> **GIVEN ENTRIES**:
·····

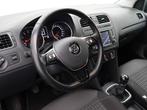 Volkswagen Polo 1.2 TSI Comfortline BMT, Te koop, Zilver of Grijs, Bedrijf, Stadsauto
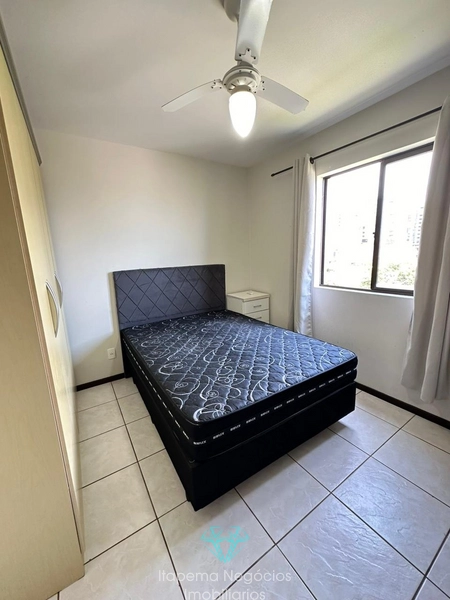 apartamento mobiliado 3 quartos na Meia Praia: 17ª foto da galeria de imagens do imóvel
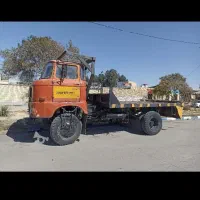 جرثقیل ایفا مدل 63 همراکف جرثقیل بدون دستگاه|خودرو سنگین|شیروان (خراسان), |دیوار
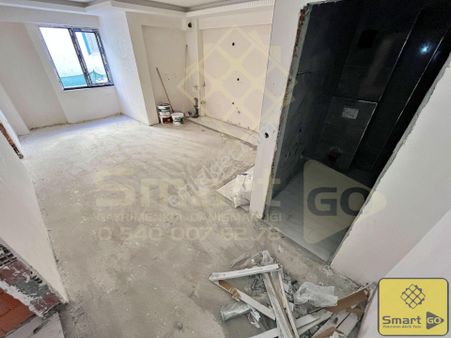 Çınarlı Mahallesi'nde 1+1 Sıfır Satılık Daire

·····

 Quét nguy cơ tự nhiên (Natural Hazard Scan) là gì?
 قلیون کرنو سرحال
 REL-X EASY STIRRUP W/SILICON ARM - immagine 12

·····

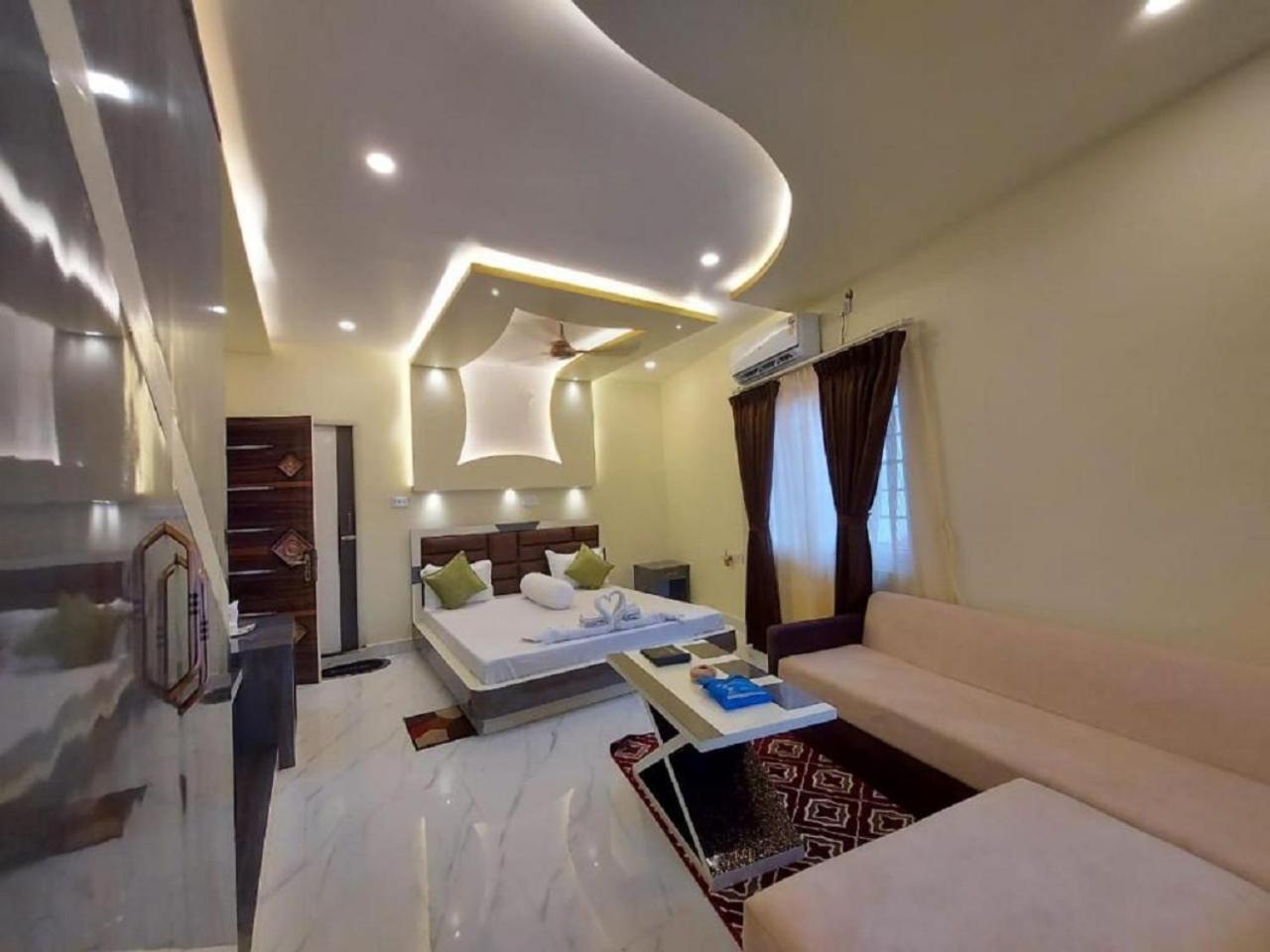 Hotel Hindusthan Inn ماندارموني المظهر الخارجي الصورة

·····

> **EXERCISE BRIEF**: Your copy should hold only the lines above from the one containing "apartamento mobiliado 3" through the one containing "Çınarlı Mahallesi'nde 1+1", exactly as written and free of pictures.

> **SOLUTION FOR THIS EXERCISE**:
 apartamento mobiliado 3 quartos na Meia Praia: 17ª foto da galeria de imagens do imóvel
 جرثقیل ایفا مدل 63 همراکف جرثقیل بدون دستگاه|خودرو سنگین|شیروان (خراسان), |دیوار
 Çınarlı Mahallesi'nde 1+1 Sıfır Satılık Daire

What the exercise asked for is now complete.